## DESCRIPTION OF THE TASK
Each line from the one holding "PI-37447 Retigabine Dihydrochloride" to the last line below must be restated word for word, and no picture may be included.

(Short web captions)

════════════════

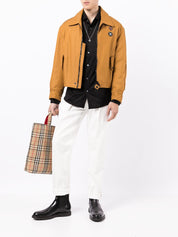 Emporio Armani Black Shirt — Fluid Lyocell-Cotton Tailoring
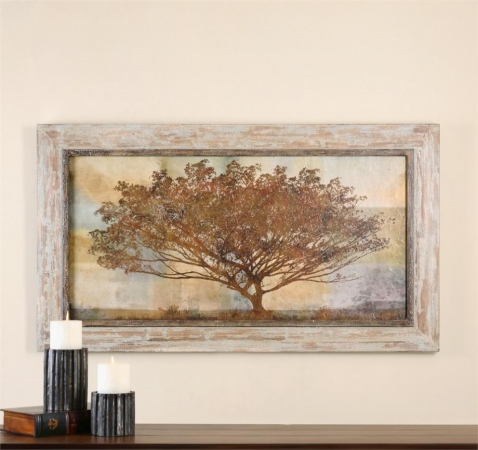 Picture of 212 Main 51100 Autumn Radiance Sepia Framed Art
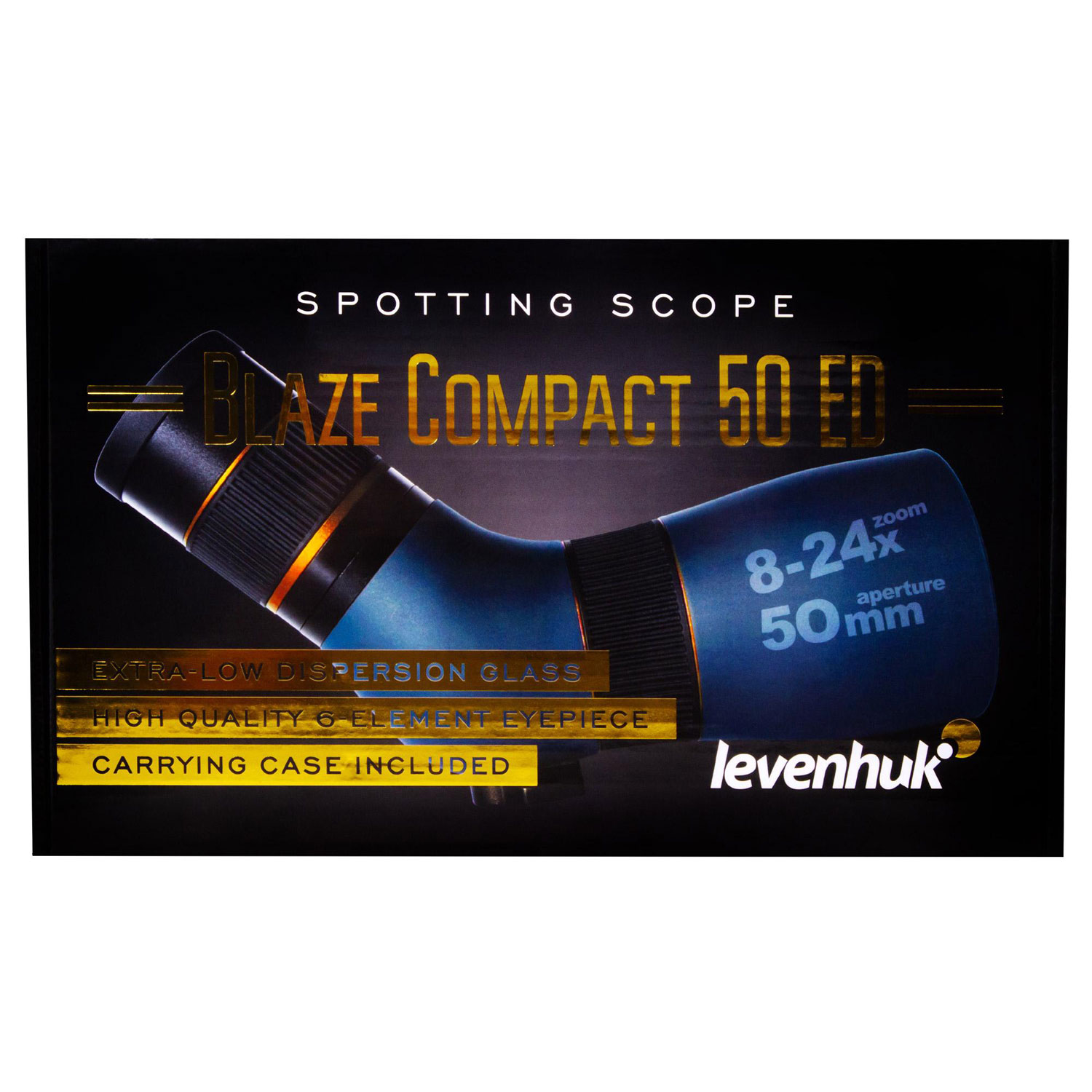 Зрительная труба Levenhuk Blaze Compact 50 ED - фото 15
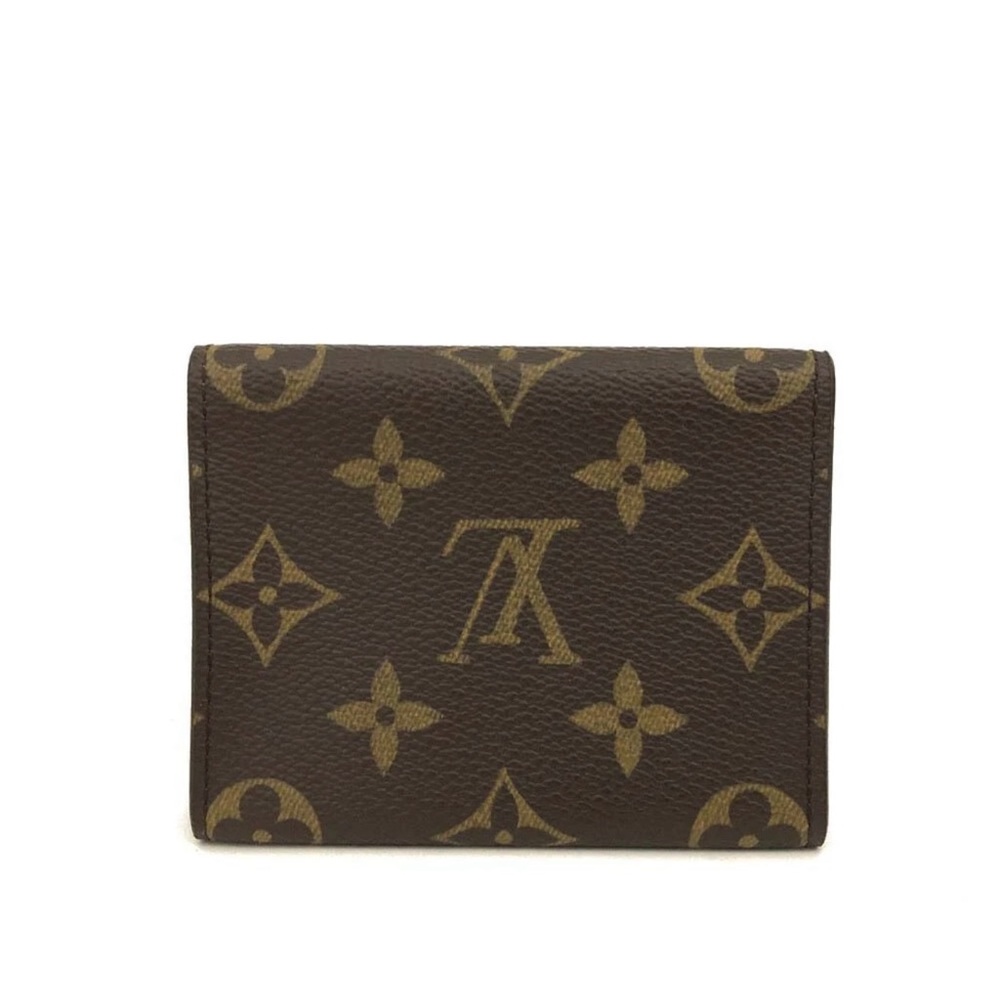 New Louis Vuitton Monogram Card Holder Wallet - Picture 4 of 8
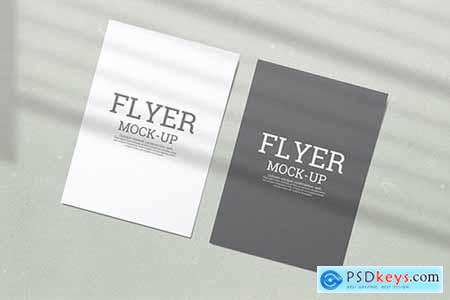 Multipurpose a4 papers mockup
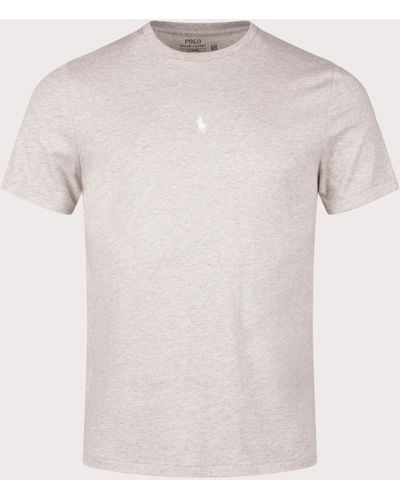 Polo Ralph Lauren Custom Slim Fit Jersey T-shirt - Grey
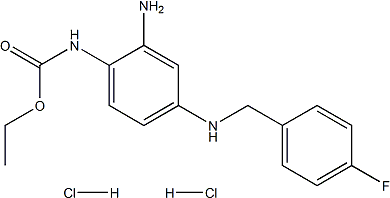PI-37447 Retigabine Dihydrochloride (150812-13-8)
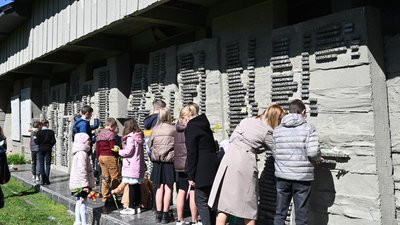 Минуло 80 років: на Тернопільщині вшанували жертв Молотківської трагедії Минуло 80 років: на Тернопільщині вшанували жертв Молотківської трагедії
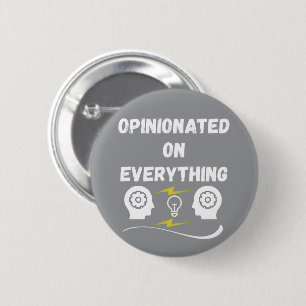 Chapa Redonda De 5 Cm Opinionado Sobre Todo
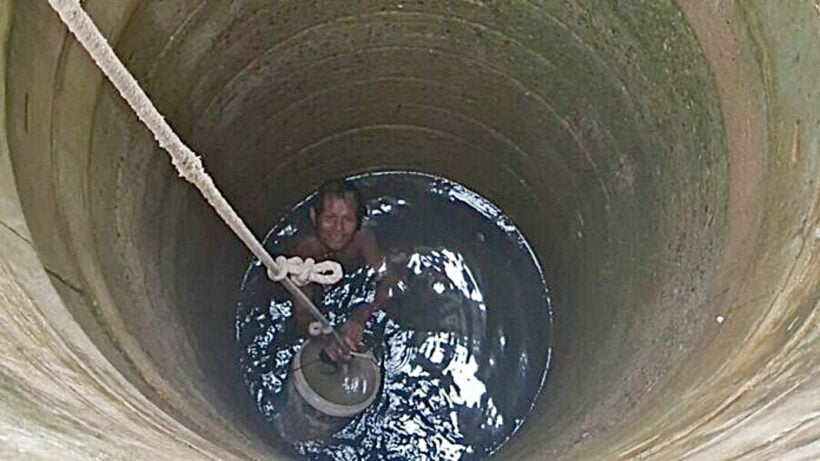 Family finds long lost man after he is rescued from 17 metre well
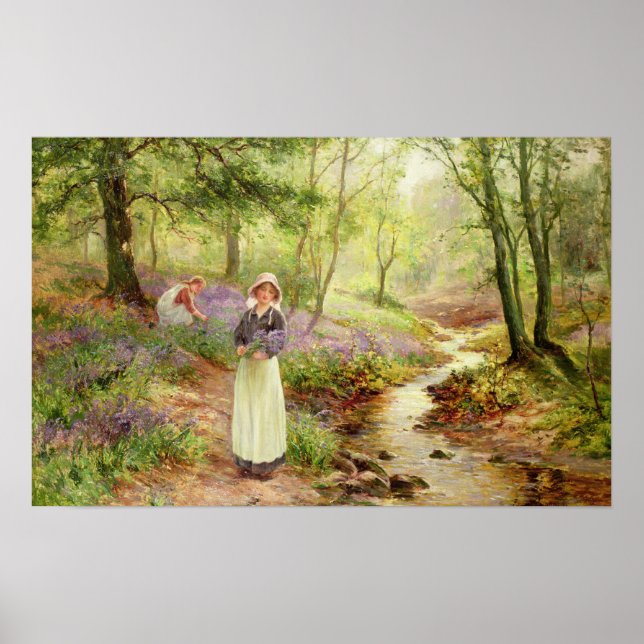 Póster La Gloria Azul (Frente)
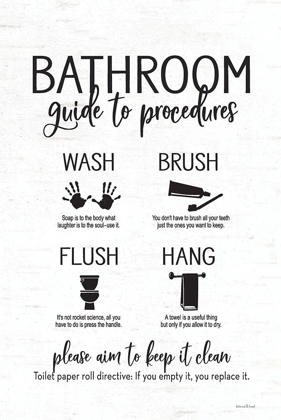 Picture of BATHROOM GUIDE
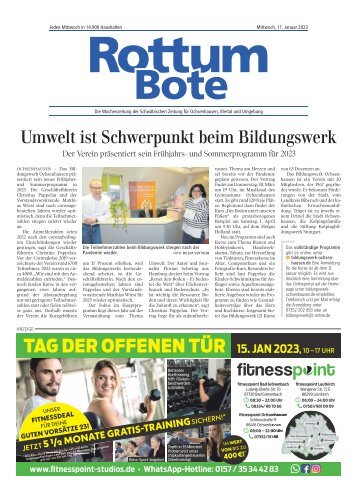 Rottum Bote 11.01.2023
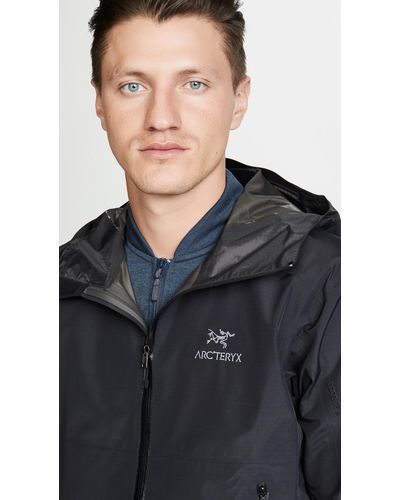 Arc Teryx Synthetic Zeta Sl Jacket In Black For Men Lyst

════════════════

## EXERCISE OUTPUT
PI-37447 Retigabine Dihydrochloride (150812-13-8)
 Минуло 80 років: на Тернопільщині вшанували жертв Молотківської трагедії Минуло 80 років: на Тернопільщині вшанували жертв Молотківської трагедії
 Chapa Redonda De 5 Cm Opinionado Sobre Todo
 Family finds long lost man after he is rescued from 17 metre well
 Póster La Gloria Azul (Frente)
 Picture of BATHROOM GUIDE
 Rottum Bote 11.01.2023
 Arc Teryx Synthetic Zeta Sl Jacket In Black For Men Lyst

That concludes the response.